A year later, Shelestov retired from military service and moved with his wife Irina to Moscow. In the capital, he met up with a famous coach, Mikhail Golovnev, who became not only his coach, but also his promoter and manager. Sergei had changed several jobs for the first years in Moscow, from a guard to a personal trainer. For a long time, he worked in the fitness club Rhein (Рейн) at the Kuntsevsky District of Moscow. Shelestov participated in the IFBB Moscow championships, where he took the 1st place from 1995 to 1997. The real fame and success came to him in 1998, when Sergei won the Cup of Russia, and then the World Amateur Bodybuilding Championship. In the autumn of the same year, he became the absolute champion of Russia.

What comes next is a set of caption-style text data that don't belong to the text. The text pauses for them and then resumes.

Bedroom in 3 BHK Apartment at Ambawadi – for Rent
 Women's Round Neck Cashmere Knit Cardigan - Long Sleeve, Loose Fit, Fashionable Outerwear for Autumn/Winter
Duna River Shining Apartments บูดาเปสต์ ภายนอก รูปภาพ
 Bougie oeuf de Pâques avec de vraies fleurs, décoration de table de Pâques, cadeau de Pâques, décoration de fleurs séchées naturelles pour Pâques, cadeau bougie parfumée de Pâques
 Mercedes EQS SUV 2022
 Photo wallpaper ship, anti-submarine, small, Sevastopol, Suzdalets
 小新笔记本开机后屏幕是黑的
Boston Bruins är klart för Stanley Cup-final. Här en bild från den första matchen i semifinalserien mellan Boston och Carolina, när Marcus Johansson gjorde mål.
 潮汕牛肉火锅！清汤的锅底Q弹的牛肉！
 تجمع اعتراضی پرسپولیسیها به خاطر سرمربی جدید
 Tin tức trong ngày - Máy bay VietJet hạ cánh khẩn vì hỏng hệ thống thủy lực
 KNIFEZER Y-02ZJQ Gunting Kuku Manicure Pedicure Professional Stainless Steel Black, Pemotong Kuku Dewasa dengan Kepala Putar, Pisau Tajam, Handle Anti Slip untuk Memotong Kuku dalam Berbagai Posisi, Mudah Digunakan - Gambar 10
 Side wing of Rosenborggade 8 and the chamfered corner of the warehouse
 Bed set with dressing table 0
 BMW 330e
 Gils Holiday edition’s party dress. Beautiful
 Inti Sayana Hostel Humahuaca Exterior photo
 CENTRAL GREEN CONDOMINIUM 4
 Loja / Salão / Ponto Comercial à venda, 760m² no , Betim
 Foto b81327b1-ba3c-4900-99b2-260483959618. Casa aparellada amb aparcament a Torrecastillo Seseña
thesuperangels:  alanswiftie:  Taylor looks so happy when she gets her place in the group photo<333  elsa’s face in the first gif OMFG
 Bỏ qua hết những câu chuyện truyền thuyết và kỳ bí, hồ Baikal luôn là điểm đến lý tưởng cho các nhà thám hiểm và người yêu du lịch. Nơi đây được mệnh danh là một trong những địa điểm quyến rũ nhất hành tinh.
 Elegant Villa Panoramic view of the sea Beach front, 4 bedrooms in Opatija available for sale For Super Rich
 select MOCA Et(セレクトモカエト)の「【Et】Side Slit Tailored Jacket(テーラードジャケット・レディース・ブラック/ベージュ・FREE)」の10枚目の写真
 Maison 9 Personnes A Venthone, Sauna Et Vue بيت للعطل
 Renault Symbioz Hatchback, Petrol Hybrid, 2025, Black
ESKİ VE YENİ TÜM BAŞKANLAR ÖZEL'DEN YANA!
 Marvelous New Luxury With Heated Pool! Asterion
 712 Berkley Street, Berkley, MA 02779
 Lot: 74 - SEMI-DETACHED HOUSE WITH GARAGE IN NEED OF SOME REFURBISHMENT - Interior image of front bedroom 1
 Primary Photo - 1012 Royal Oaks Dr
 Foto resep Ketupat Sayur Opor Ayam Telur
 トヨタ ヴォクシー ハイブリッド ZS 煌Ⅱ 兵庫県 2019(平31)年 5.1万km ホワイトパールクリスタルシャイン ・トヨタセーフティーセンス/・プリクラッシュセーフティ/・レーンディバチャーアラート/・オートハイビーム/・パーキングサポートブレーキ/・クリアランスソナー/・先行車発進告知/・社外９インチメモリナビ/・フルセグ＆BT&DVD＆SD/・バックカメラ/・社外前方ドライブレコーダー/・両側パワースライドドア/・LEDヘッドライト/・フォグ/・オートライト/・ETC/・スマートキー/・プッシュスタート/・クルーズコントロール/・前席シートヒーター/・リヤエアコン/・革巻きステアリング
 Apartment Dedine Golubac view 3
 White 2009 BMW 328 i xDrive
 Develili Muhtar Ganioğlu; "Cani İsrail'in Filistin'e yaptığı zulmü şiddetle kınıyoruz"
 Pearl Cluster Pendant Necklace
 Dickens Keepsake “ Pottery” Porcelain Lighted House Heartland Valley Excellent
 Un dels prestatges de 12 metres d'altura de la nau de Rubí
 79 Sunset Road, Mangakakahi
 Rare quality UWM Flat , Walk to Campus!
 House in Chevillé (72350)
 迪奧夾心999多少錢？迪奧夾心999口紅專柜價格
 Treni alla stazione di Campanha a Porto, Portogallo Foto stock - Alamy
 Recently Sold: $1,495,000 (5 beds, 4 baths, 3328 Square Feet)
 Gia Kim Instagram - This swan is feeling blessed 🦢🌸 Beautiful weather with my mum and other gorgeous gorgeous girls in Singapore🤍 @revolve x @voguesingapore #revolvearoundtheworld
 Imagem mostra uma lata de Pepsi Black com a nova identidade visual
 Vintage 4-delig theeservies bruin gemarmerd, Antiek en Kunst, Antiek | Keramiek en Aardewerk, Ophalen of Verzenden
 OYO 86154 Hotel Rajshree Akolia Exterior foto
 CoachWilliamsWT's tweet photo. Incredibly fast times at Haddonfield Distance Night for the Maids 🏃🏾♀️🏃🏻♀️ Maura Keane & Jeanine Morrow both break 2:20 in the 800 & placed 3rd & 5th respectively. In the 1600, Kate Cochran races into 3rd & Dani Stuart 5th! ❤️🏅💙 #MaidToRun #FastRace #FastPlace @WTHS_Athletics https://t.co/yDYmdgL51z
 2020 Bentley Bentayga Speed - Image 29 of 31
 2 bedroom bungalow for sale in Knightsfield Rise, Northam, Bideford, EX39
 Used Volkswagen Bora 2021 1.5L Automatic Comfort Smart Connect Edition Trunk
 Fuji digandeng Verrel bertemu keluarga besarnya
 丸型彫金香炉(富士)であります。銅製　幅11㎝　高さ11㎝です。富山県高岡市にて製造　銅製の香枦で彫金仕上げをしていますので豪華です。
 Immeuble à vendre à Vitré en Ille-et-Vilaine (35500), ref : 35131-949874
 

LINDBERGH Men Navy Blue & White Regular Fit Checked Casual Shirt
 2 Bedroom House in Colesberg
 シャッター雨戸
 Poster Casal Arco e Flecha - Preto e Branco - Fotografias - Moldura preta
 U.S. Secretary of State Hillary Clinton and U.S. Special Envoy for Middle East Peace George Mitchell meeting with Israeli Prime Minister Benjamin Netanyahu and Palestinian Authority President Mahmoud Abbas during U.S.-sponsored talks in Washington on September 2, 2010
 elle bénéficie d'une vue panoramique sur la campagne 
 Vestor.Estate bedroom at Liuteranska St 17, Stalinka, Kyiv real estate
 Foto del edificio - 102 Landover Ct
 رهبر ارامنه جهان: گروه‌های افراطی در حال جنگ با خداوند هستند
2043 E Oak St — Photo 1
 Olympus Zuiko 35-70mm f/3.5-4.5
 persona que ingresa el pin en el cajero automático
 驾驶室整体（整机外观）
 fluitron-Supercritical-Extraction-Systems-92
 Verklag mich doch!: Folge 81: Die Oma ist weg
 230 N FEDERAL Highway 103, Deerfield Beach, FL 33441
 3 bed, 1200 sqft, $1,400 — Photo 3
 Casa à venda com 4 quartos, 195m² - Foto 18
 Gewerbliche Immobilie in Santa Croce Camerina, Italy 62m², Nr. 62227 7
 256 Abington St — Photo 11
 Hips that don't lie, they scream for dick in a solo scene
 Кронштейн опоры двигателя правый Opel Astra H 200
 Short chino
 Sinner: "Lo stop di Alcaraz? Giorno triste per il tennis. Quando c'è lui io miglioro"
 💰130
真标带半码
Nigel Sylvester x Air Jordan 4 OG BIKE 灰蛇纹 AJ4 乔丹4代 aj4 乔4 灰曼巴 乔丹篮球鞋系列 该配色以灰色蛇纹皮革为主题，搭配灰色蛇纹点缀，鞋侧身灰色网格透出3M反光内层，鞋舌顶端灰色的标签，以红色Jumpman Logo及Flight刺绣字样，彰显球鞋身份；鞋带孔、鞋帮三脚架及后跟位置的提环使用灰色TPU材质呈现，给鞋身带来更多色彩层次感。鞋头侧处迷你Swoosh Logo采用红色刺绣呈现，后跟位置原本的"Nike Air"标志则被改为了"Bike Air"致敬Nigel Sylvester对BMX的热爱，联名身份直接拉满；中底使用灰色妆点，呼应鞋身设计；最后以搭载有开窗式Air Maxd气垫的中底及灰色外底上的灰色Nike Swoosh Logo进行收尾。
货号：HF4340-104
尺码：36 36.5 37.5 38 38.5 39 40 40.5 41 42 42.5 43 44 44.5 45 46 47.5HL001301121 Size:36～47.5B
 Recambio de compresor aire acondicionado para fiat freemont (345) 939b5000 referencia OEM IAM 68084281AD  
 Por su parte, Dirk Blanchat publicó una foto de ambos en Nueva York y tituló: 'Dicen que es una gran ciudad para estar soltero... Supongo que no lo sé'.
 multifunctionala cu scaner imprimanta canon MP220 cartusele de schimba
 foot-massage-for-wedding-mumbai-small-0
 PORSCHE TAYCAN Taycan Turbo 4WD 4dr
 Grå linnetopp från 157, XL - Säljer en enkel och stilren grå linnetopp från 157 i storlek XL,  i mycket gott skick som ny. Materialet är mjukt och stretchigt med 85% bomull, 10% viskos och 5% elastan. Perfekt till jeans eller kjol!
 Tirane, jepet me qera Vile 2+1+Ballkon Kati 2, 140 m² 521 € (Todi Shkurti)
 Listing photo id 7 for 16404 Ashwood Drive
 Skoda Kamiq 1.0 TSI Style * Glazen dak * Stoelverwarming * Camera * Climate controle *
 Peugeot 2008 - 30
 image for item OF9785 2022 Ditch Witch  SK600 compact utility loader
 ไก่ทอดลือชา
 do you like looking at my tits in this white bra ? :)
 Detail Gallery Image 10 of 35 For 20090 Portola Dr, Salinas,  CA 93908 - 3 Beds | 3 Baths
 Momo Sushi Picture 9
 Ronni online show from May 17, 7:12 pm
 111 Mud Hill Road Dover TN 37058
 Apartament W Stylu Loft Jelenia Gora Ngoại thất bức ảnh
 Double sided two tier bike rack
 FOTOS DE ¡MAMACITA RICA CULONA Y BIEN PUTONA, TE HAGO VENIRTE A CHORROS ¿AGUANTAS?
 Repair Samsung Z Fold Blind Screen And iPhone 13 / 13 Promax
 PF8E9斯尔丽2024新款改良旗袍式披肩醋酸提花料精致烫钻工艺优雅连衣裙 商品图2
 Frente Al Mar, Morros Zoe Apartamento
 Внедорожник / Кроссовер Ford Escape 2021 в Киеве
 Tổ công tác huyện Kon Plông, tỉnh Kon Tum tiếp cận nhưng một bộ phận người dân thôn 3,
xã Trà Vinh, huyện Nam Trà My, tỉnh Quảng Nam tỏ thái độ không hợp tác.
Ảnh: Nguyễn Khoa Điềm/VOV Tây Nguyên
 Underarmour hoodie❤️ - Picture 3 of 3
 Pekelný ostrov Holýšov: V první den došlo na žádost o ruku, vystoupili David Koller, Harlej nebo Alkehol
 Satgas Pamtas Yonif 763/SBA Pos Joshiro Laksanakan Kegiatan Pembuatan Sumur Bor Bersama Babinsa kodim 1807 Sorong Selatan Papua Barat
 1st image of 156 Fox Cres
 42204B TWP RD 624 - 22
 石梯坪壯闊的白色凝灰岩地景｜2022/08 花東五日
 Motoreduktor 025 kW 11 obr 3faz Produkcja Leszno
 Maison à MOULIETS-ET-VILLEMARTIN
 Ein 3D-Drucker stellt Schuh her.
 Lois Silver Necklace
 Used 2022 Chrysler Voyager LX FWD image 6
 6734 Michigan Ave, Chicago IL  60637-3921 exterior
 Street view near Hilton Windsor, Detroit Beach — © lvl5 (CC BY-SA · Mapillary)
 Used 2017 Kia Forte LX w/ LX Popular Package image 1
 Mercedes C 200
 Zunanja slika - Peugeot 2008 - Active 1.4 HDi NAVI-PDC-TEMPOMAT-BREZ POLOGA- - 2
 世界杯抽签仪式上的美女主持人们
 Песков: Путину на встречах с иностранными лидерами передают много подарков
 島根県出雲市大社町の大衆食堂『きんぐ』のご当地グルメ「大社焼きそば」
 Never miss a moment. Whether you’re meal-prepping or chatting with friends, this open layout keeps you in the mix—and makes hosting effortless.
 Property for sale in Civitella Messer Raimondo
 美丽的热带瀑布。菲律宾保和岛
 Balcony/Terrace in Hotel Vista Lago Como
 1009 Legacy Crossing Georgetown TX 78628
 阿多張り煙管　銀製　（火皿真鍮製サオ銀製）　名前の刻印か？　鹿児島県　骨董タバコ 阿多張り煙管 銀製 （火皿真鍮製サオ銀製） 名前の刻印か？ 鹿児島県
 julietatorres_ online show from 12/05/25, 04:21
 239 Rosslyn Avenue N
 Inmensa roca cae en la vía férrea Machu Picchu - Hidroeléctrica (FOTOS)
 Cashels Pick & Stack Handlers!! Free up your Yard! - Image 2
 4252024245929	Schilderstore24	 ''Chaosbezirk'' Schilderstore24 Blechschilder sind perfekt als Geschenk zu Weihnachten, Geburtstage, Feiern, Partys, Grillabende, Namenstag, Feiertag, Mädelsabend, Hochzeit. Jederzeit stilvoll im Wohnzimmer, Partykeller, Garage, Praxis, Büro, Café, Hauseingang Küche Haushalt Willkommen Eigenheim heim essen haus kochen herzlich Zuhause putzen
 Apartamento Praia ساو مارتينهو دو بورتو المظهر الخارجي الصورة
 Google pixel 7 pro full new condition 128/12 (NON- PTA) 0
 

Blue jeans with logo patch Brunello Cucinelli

In 2001, Shelestov received a Pro Card and participated in two professional tournaments. In 2001, Sergei ranked 11th in the Grand Prix England. In 2006 he became the 3rd at the Grand Prix in Romania. Then there was a lull in his career until 2005. It was related to household problems, at the same time, Sergei continued to train and maintained his shape during that period.

In 2006, he again received Pro Card (the old one was canceled) and participated in several pro-tournaments.

In 2007, Sergei Shelestov competed at the Arnold Classic (15th place), Mr. Olympia (16th place) and Ironman Pro 2007 (16th place). His best result was the 8th place in the Arnold Classic, he became the 26th after that competition in the IFBB Men's Bodybuilding Professional Ranking in 2009.

====Contest History====
- 1997 IFBB Grand Prix Russia - 10th
- 2001 IFBB Grand Prix England - 11th
- 2001 IFBB Grand Prix New Zealand - 5th
- 2006 IFBB Santa Susanna Gran Prix - 7th
- 2006 IFBB Romania Gran Prix - 3rd
- 2007 IFBB Iron Man Pro - 16th
- 2007 IFBB Sacramento Pro Bodybuilding Grand Prix - 12th
- 2007 IFBB Arnold Classic - 15th
- 2007 IFBB Olympia - NP
- 2008 IFBB Australia Pro Grand Prix VIII - 7th
- 2008 IFBB New Zealand Grand Elite Pro - 4th
- 2008 IFBB Olympia - 17th
- 2008 IFBB Romanian Pro Grand Prix - 4th
- 2009 IFBB Arnold Classic - 8th
- 2009 IFBB Europa Show of Champions - 4th
- 2009 IFBB New York Pro - 9th

===Powerlifting===
In 2000, Sergey Shelestov became the Moscow Champion in Powerlifting and took second place in the Russian Powerlifting Championship. In 2000, he set a record in the bench press - 250 kg and squats - 365 kg.

==Family==
Sergey Shelestov is married to Irina Shelestova, a former Russian fitness star. They have a daughter, Olga, who was born in 2007.